─── ENTRIES SHOWN ───
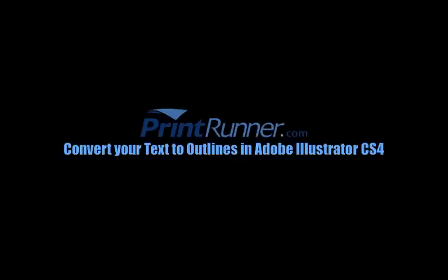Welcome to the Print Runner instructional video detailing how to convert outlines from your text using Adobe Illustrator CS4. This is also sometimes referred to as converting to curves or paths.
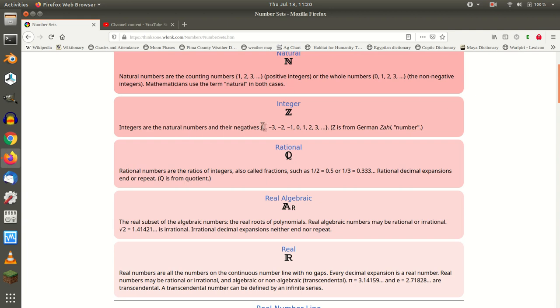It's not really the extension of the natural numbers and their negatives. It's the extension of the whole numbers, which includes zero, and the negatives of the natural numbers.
───
─── ENTRIES SHOWN ───
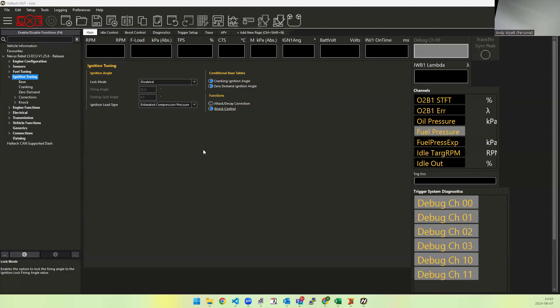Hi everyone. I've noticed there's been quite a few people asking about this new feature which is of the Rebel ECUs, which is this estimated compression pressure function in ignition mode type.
───
─── ENTRIES SHOWN ───
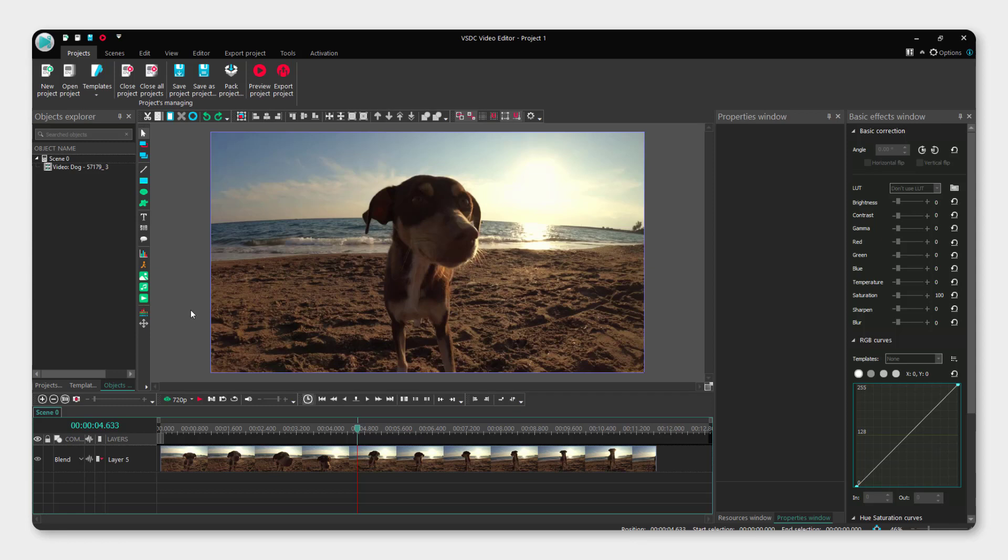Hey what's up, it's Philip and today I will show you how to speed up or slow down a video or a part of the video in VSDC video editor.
───
## TO DO
From the listing above, repeat only the lines between the line containing "Welcome to the" and the line containing "It's not really", those two included. Pictures are not part of the copy.

## SOLUTION TO THE EXERCISE
Welcome to the Print Runner instructional video detailing how to convert outlines from your text using Adobe Illustrator CS4. This is also sometimes referred to as converting to curves or paths.
It's not really the extension of the natural numbers and their negatives. It's the extension of the whole numbers, which includes zero, and the negatives of the natural numbers.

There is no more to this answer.